Image-caption web data:
==*==

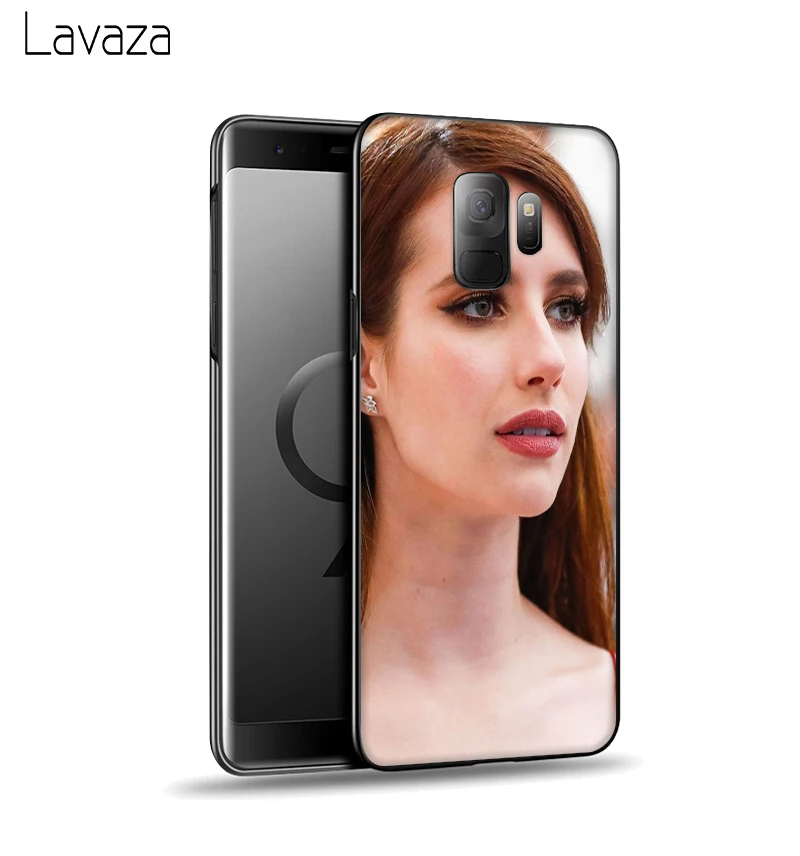 Lavaza Actor Emma Roberts Soft Case for Galaxy A3 A5 2016 2017 A6 plus A7 A8 A9 J6 2018 A10 30 40 50 70 |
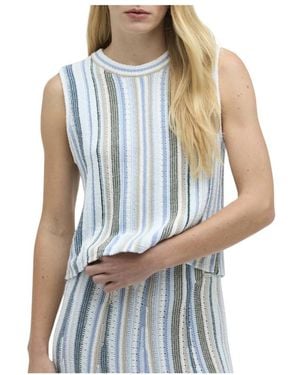 Barbour Sleeveless Tops - Blue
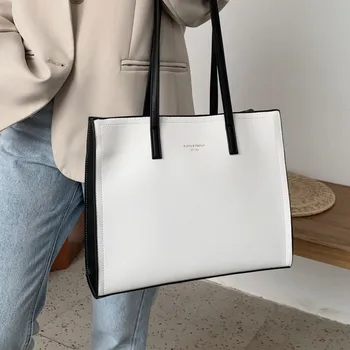 Veliki Veličina Bijele torbe-тоут za žene, Luksuzna kožna torba na rame Velikog Kapaciteta Torba za kupovinu Ženska Branded dizajnersku torbu za sve torbe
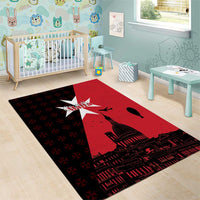 Malta Cross With Valletta Capital Area Rug Scenery in Velletta Capital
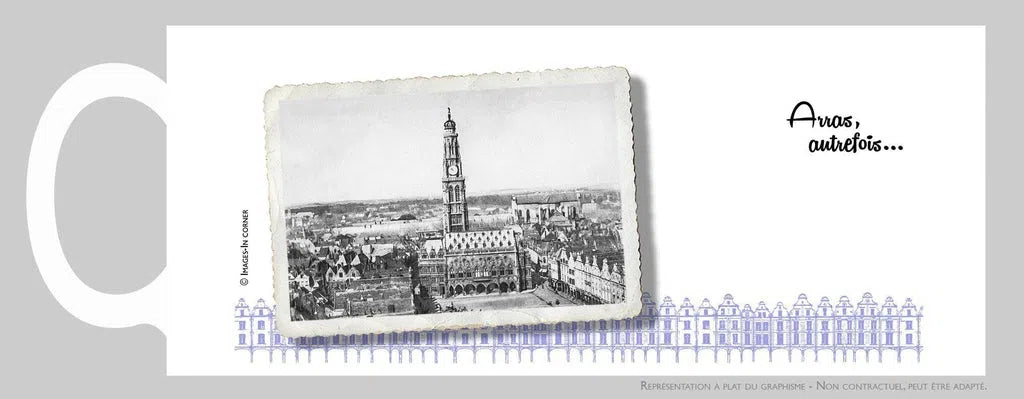 Arras autrefois: le beffroi à l'ancienne-Imagesdartistes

==*==

• **ASSIGNMENT**:
Both the line containing "Barbour Sleeveless Tops - Blue" and the last line of the records above belong in the exact copy, along with every line between them; pictures do not.

• **RESULT FOR THIS TASK**:
 Barbour Sleeveless Tops - Blue
 Veliki Veličina Bijele torbe-тоут za žene, Luksuzna kožna torba na rame Velikog Kapaciteta Torba za kupovinu Ženska Branded dizajnersku torbu za sve torbe
 Malta Cross With Valletta Capital Area Rug Scenery in Velletta Capital
 Arras autrefois: le beffroi à l'ancienne-Imagesdartistes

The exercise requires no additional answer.